Racial differences in glucose control among patients with type 2 diabetes: a survey on dietary temptations, coping, and trust in physicians.

Author information

  • 1University of California San Francisco Department of Family and Community Medicine, USA.
  • 2Perelman School of Medicine at the University of Pennsylvania, USA.
  • 3Philadelphia VA Center for Health Equity Research and Promotion, Division of General Internal Medicine, University of Pennsylvania Perelman School of Medicine, USA.



A quantitative evaluation of self-care behaviors, psychosocial stressors, and patient relationships to health care to better understand racial disparities in these domains.


A cross-sectional study of adult patients with type 2 diabetes in University of Pennsylvania Healthcare System who had a HbA1c test within one month of survey administration. The survey instrument included among other items, the Dieter's Inventory of Eating Temptations Self-Efficacy instrument (DIET-SE), the Jalowiec Coping Scale (JCS), and the Trust in Physician (TIP) scale.
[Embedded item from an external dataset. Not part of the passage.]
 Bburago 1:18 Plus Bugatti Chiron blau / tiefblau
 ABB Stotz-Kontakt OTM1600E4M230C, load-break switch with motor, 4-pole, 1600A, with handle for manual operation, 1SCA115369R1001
332 individuals completed the survey. Poor glucose control was significantly associated with Black race, lower income level, other demographic variables, non-perfect medication adherence, and poorer diet quality. It was also associated with lower self-efficacy to resist social dietary temptations, and among White patients it was associated was decreased use of a confrontive coping style. However, these factors did not explain the racial differences in glucose control between Blacks and Whites.


Interventions aimed at dietary temptations, coping styles, or trust in physicians may not reduce racial disparities in glucose control. However, interventions that focus on dietary temptations may positively affect all diabetic patients.